Looking farther ahead, effective operation of the unmanned delivery technology could be transformative for Dada due to its focus on intra-city deliveries. While the company no longer directly employs riders for Dada Now’s last-mile deliveries, the cost of such riders is still a major factor in the fees it pays to the third-party company that provide those riders. Thus moving to unmanned deliveries would sharply lower employment-linked delivery costs, providing savings that the third-party company could pass on to Dada.
Dada Nexus is relatively large as a China midcap, with a current market capitalization of $5.2 billion. But it’s still dwarfed by the likes of Pinduoduo at $100 billion, JD at about $150 billion and Alibaba at about $370 billion. That underscores Dada’s heavy reliance on JD and Walmart, and also the difficulty it could face as a standalone company going forward.

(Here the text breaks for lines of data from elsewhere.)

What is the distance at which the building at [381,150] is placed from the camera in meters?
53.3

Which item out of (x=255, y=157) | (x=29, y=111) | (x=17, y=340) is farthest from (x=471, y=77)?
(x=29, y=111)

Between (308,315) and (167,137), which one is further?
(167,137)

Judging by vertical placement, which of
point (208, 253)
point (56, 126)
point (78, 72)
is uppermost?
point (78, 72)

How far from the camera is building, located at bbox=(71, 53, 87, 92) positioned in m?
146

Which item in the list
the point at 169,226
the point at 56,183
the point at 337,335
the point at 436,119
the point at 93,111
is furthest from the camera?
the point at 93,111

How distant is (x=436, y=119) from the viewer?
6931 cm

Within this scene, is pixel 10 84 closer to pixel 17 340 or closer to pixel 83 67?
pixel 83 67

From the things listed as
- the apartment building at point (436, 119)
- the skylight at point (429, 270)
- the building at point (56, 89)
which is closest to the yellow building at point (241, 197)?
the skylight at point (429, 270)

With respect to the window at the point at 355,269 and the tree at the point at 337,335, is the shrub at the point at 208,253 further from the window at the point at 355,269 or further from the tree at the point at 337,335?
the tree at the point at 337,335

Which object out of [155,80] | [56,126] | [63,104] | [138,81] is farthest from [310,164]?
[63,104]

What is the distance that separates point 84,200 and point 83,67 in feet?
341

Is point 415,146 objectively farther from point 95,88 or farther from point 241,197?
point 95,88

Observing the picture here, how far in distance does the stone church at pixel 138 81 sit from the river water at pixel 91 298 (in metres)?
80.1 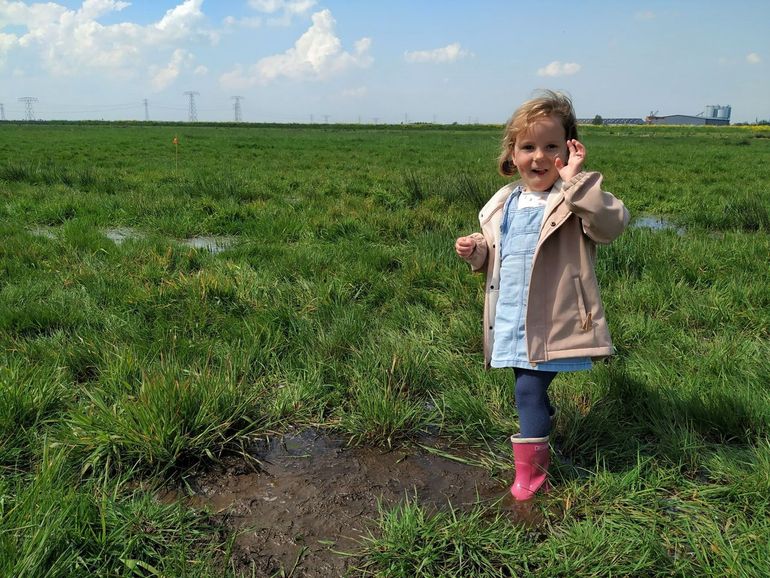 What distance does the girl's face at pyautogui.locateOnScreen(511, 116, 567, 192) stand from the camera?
2.03 m

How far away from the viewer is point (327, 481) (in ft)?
7.20

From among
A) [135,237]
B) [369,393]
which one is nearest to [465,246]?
[369,393]

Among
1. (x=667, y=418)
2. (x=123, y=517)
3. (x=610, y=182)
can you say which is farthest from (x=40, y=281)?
(x=610, y=182)

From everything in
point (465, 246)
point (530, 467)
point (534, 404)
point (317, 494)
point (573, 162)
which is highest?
point (573, 162)

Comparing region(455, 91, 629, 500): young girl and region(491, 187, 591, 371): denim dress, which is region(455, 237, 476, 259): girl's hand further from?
region(491, 187, 591, 371): denim dress

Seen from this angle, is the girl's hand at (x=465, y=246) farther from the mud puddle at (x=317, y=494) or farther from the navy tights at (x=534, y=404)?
the mud puddle at (x=317, y=494)

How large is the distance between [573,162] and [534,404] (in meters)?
0.92

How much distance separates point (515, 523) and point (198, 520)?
1.14 m

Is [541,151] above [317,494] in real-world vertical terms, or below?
above

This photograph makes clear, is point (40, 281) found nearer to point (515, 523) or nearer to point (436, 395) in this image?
point (436, 395)

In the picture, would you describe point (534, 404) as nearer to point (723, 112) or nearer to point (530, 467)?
point (530, 467)

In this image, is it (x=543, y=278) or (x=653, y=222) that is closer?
(x=543, y=278)

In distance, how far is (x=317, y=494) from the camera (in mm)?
2119

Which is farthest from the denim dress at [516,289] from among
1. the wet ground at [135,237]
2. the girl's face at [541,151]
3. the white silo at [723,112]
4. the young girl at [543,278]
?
the white silo at [723,112]
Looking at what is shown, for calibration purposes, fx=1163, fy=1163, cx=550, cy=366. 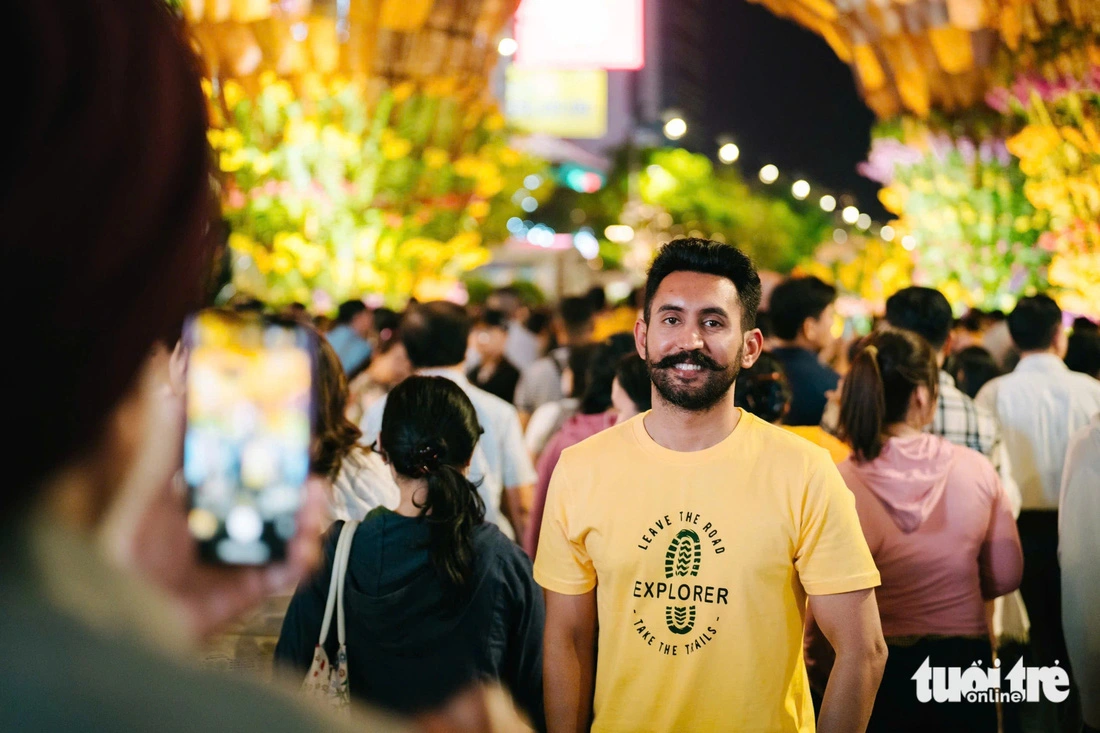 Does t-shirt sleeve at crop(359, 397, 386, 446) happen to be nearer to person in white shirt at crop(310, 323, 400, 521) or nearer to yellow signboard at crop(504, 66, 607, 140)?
person in white shirt at crop(310, 323, 400, 521)

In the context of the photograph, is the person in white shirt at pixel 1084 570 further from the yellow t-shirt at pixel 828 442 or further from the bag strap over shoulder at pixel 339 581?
the bag strap over shoulder at pixel 339 581

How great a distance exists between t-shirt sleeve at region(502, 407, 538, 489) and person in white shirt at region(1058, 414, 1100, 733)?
2245 mm

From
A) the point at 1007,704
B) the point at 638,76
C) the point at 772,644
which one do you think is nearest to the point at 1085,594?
the point at 1007,704

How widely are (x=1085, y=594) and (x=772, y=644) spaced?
2234 millimetres

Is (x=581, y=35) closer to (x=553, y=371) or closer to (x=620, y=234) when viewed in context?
(x=553, y=371)

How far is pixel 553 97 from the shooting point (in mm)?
40969

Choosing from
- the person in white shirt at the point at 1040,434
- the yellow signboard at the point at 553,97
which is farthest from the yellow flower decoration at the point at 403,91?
the yellow signboard at the point at 553,97

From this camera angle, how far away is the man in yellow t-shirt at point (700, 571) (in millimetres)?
2654

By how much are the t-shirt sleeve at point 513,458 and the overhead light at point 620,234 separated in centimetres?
4221

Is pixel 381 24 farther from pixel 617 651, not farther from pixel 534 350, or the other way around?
pixel 617 651

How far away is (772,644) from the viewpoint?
2.66 m

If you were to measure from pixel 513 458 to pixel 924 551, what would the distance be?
6.44 ft

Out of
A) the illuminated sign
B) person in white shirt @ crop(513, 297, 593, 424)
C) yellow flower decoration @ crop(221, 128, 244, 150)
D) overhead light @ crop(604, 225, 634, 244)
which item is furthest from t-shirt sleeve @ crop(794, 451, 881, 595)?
overhead light @ crop(604, 225, 634, 244)

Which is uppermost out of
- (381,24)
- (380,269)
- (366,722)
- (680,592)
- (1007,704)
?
(381,24) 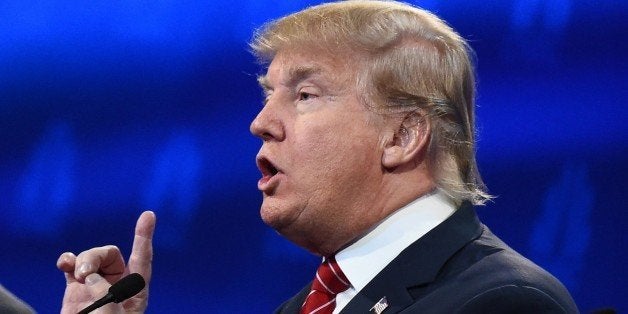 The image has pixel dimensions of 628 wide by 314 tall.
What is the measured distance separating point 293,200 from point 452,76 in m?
0.36

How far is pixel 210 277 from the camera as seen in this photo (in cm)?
325

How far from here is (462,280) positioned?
187 centimetres

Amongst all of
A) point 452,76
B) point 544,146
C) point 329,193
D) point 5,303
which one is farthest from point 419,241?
point 544,146

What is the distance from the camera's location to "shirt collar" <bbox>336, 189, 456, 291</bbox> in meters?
1.99

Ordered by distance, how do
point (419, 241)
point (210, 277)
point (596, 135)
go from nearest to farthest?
point (419, 241)
point (596, 135)
point (210, 277)

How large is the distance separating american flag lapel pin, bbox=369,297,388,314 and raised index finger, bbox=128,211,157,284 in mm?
406

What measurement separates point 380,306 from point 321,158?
0.89 ft

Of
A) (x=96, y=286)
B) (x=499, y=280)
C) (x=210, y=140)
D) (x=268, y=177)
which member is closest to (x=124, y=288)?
(x=96, y=286)

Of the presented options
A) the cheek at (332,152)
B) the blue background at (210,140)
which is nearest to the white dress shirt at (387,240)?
the cheek at (332,152)

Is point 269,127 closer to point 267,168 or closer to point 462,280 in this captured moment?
point 267,168

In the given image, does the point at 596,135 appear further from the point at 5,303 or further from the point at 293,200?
the point at 5,303

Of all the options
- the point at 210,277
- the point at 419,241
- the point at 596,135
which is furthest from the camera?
the point at 210,277

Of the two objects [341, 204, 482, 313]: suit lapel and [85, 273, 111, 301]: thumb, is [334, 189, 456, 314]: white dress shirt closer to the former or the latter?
[341, 204, 482, 313]: suit lapel

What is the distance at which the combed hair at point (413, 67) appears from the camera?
205 cm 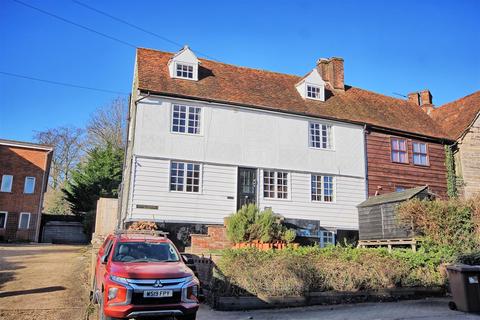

The company now trades at a price-to-sales (P/S) ratio of 5.34, which looks high compared to peers but not overly inflated given the fact that it’s in the massive China market and is probably too small to be targeted by regulators. Late last year, Amazon’s (AMZN.US) P/S ratio reached 5.56, but is now down to 4.12. Back in China, Alibaba’s P/S ratio is lower than Dada’s at 3.69, while JD’s is far lower at about 1. Pinduoduo remains pricey with a P/S of nearly 16.